New Delhi: The ED is mulling attaching domestic assets and shares worth about Rs. 9,000 crore owned by liquor baron Vijay Mallya in connection with its money laundering probe against him and others in the IDBI bank loan fraud case.
Officials said on Wednesday the agency has already begun the exercise of identifying and valuing the country-wide immovable assets of the beleaguered businessman in order to place them under attachment under the criminal provisions of the Prevention of Money Laundering Act (PMLA).
They said the agency will also inform market regulator Securities and Exchange Board of India (SEBI) about its move to similarly attach his shares in various Indian companies so that no third party rights are created.
The officials from the Enforcement Directorate(ED) said that as per preliminary assessment done the value of the assets that would be provisionally attached will be around Rs. 9,000 crore which is equal to the total default of bank loans which he is accused of.
They said Mr Mallya’s assets in the form of bungalows, costly vehicles, bank balances and others have already been assessed by agency sleuths probing the case.
Banks will also be taken on-board before attaching these assets under PMLA laws, they said, adding the agency does not want to “jeopardise” their interests over these assets through which they are planning to get back their loans.

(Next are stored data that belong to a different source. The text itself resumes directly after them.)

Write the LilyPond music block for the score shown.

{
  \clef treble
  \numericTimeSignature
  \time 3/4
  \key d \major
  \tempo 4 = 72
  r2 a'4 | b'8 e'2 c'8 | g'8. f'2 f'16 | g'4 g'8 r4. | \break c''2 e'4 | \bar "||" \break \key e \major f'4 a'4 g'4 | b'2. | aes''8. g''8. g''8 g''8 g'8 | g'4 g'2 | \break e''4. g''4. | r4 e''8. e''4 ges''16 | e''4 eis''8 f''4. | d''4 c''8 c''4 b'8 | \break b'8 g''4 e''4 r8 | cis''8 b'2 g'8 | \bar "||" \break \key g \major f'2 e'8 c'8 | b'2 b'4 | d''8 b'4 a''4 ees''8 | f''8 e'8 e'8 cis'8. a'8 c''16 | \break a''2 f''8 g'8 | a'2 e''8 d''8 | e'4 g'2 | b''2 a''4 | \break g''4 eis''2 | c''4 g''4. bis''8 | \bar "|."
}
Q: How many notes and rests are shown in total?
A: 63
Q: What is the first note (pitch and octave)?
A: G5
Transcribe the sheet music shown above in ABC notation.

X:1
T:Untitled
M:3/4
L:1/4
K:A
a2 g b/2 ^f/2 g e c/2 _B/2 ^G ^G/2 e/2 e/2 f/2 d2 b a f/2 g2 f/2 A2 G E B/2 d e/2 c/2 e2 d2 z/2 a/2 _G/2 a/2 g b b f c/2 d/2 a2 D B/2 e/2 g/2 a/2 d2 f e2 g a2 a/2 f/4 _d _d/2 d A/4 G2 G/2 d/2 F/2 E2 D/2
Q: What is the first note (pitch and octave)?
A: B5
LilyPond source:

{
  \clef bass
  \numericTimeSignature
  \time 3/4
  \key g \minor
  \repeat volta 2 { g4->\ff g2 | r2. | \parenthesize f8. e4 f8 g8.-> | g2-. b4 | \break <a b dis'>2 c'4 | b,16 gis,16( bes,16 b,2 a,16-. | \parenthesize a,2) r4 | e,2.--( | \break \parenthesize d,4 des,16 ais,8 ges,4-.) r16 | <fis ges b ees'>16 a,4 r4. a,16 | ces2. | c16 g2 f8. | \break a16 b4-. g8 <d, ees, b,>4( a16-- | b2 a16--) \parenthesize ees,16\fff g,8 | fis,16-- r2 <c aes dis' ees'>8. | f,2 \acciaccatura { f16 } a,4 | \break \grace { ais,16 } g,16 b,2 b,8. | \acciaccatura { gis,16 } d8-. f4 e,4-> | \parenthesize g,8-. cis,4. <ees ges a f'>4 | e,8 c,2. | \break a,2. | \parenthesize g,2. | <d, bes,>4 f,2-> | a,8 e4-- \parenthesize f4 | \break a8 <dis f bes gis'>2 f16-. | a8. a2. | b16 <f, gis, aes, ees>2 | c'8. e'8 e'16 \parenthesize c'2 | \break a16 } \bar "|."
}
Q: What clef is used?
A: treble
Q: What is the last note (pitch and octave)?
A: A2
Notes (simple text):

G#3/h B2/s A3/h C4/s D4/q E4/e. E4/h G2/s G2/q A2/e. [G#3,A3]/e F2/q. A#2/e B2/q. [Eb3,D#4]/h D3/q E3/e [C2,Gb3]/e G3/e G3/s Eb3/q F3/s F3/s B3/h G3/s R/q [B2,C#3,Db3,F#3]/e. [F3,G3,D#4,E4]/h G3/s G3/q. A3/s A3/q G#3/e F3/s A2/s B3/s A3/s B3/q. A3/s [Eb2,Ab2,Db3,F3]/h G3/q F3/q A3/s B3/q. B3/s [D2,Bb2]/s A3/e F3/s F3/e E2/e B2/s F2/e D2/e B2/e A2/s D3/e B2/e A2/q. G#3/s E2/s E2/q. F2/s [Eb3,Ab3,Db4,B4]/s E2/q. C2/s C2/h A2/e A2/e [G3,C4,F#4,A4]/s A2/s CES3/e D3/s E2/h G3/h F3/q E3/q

The Enforcement Directorate (ED) has been wanting to make Mr Mallya join investigations “in person” in the over 900 crore IDBI loan fraud case in which it registered a PMLA case early this year.
It has virtually exhausted all legal options to make Mr Mallya join the probe including issuance of a non-bailable warrant against him from a Mumbai court based on which it made the requests for the revocation of his passport and subsequent deportation bid to bring back the beleaguered businessman from the UK.
However, in a setback to India’s efforts to expeditiously get back Mr Mallya, UK has made it clear that the liquor baron cannot be deported and asked India to seek his extradition instead.
The British government has said it acknowledges “the seriousness of allegations” against Mr Mallya and was “keen to assist” the Indian government in this case.